Wir sind auf dem Platz
Wir sind auf dem Platz

Man kennt sie, die unterschiedlichen Eltern. Sie treten überall auf. In der Kita, im Kindergarten, der Musikschule, auf Elternabenden und auf dem Tennisplatz. Und dort, wo die Asche rot ist und sich in jeder Pore festsetzt, zeitgleich zu den French Open, sind wir aufgeschlagen. Auf dem Platz mit den vielen verwirrenden weißen Linien. Und die Rede ist nicht von Roger Federer, der jetzt zum zweiten Mal Vater von Zwillingen wird.

Wenn es um eine mögliche Sportart für den Nachwuchs geht, sucht man zuerst im engen Umfeld. bei den eigenen Interessen.
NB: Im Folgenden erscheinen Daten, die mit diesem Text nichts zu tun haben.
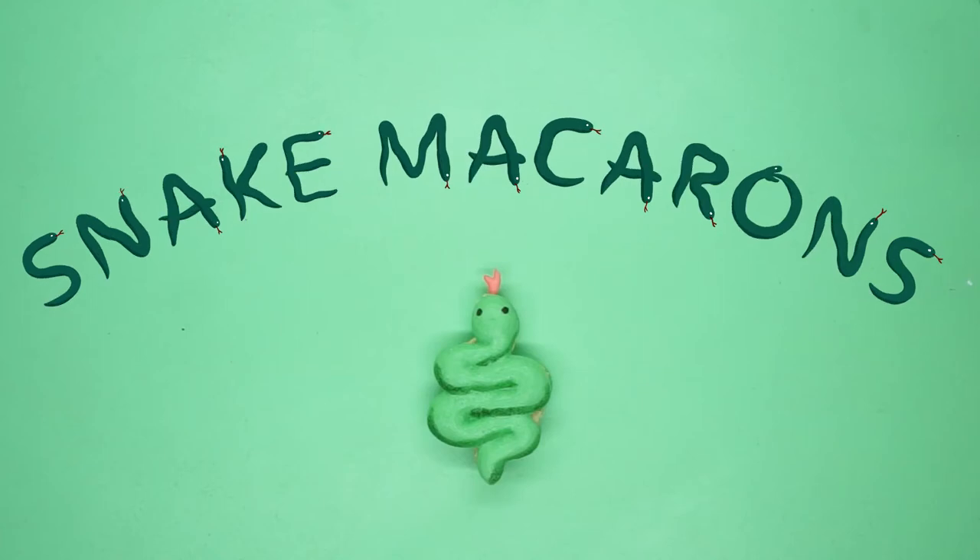Let's make snake macarons - macarons, those French cookies. We're gonna make snake ones.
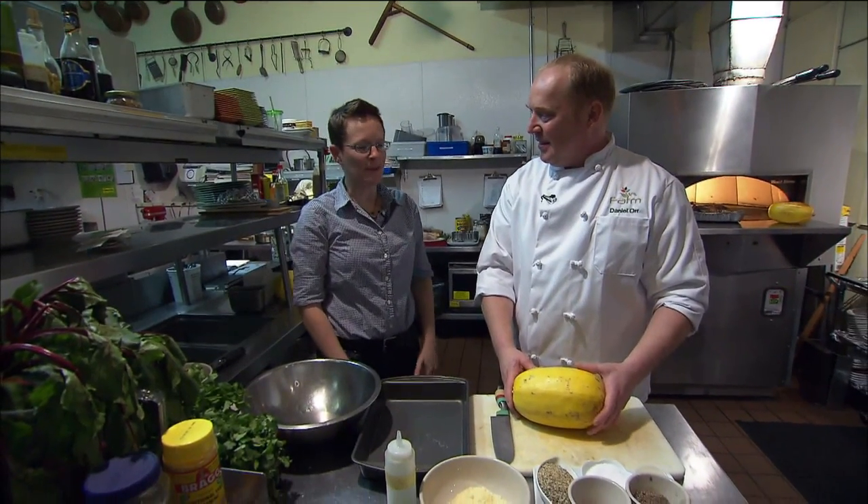We spoke with a bunch of our listeners and asked what foods they want us to cook with. Almost unanimously, people said squash — we need squash recipes. So it looks like that's what we're doing today.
Ist vergleichbar mit der Suche nach dem passenden Musikinstrument. Mir würde im Traum nicht einfallen, die Jungs zum Posaunenunterricht zu schicken. Diese Lautstärke. Dabei hatte uns kürzlich ein netter Herr am Tag der offenen Tür an der Musikschule erzählt, es gäbe auch einen Dämpfer, der mehr als 90% der Lautstärke wegnimmt, wenn man abends um 23 Uhr noch einmal üben möchte. Vor einem großen Auftritt.

Und diesen Dämpfer hätte ich gerne gestern einem Elternteil auf dem Tennisplatz verpasst. Man kennt sie. Von früher. Da gibt es zum einen die Dauerbiertrinker, die laut Fotos an den Wänden einmal auf dem Platz gestanden haben, jetzt aber lieber die Zeit am Tresen verbringen, einen Krug Gerstensaft vor sich und einen leicht trüben Blick auf das Spielfeld gerichtet. Sie wissen alles besser, können alle Schläge, Loops und Spins aus dem Effeff und waren früher – lange ist es her – immer Tabellenerster.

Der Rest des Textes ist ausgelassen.